**Exercise:**
Pick each line that has "qspictures" out of the records.

(Pictures with short captions)
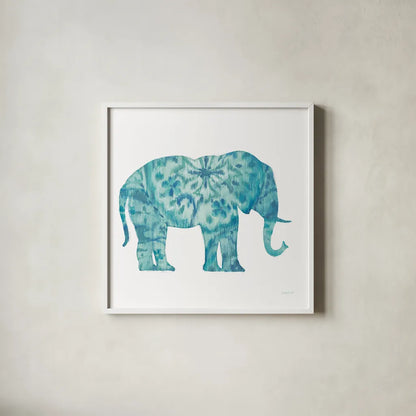 Boho Teal Elephant I by Danhui Nai. Shown in a crisp white glass frame for a clean and minimalist style. Available as an archival giclee rolled canvas, fine art paper, or poster print. SKU 33578a.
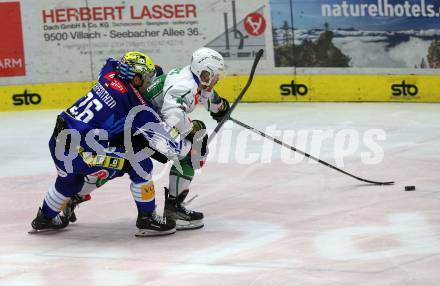 EBEL. Eishockey Bundesliga. EC VSV gegen HK SZ Olimpija.  Dominik Grafenthin, (VSV),    Rok Kapel (Olimpija). Villach, am 6.11.2022.
Foto: Kuess
www.qspictures.net
---
pressefotos, pressefotografie, kuess, qs, qspictures, sport, bild, bilder, bilddatenbank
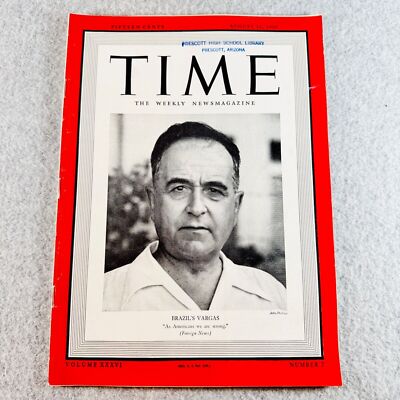 Time Magazine August 12 1940 Getulio Vargas President of Brazil Vintage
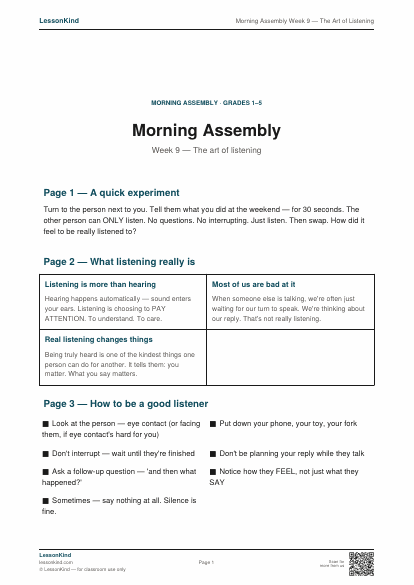 Preview of Morning Assembly Week 9 — The Art of Listening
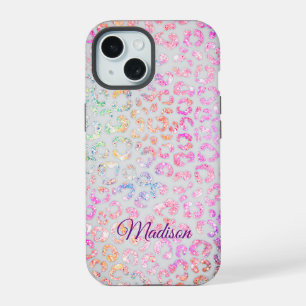 Cute iriserende dierprint glinsterend monogram hoe iPhone 15 case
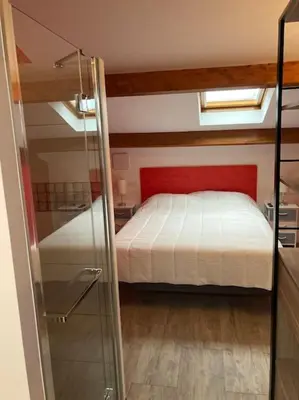Un ou plusieurs lits dans un hébergement de l'établissement Gîte Bassin d'Arcachon, piscine couverte chauffée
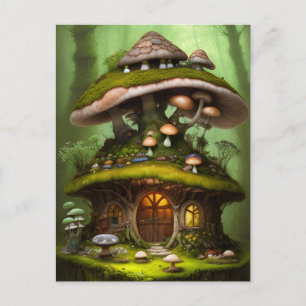 Adorable Mossy Mushroom Fairy House Postcard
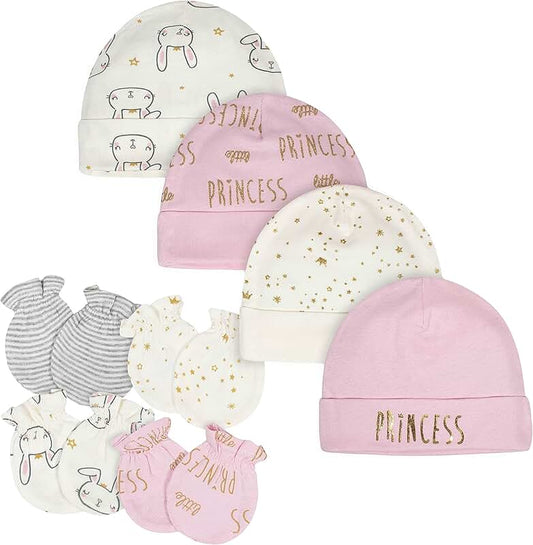 Baby Girl's Hat and Mitten Sets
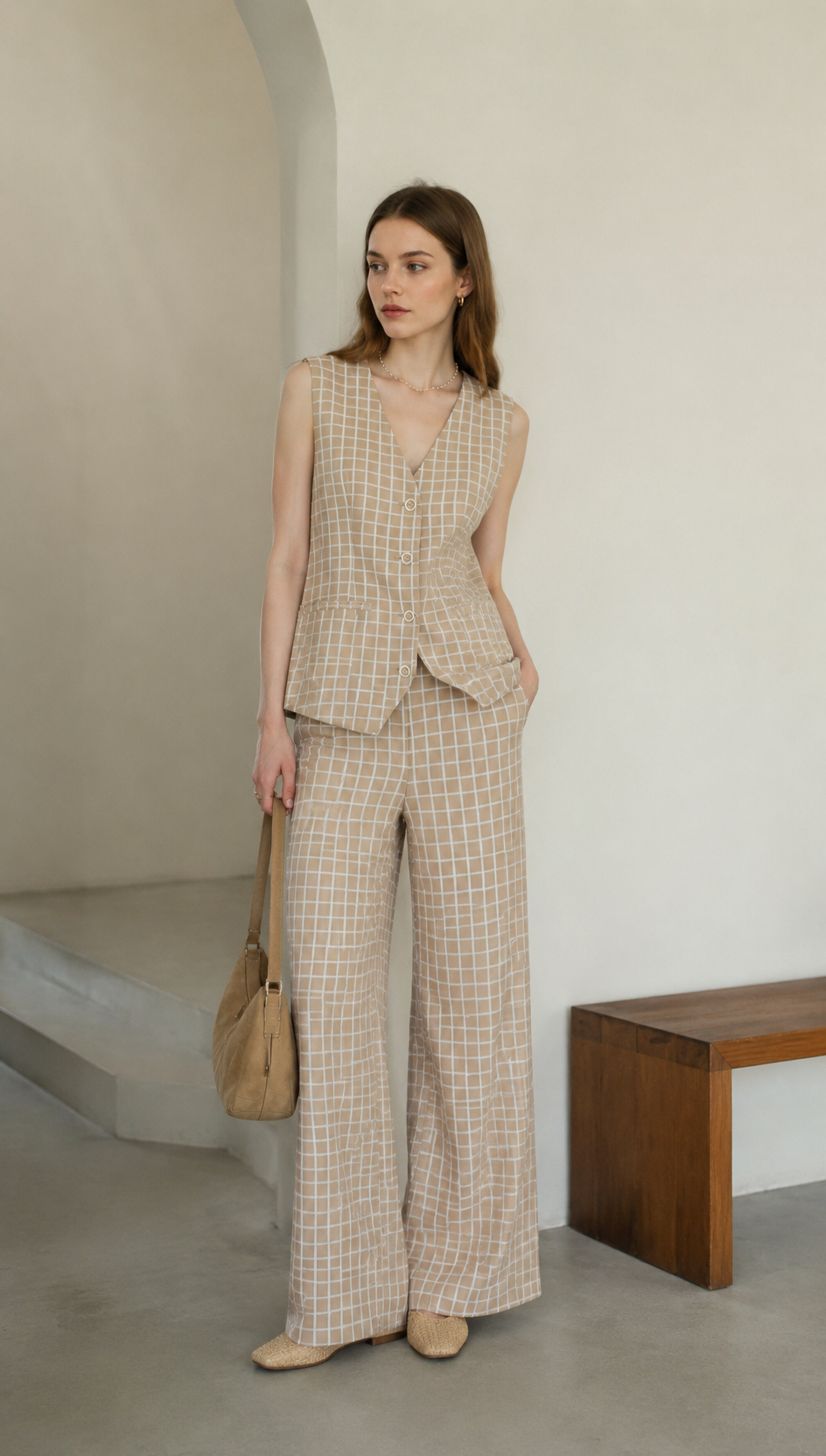 Minimalist Grid Print V-Neck Layering Vest AN-710012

**Finished task:**
www.qspictures.net
pressefotos, pressefotografie, kuess, qs, qspictures, sport, bild, bilder, bilddatenbank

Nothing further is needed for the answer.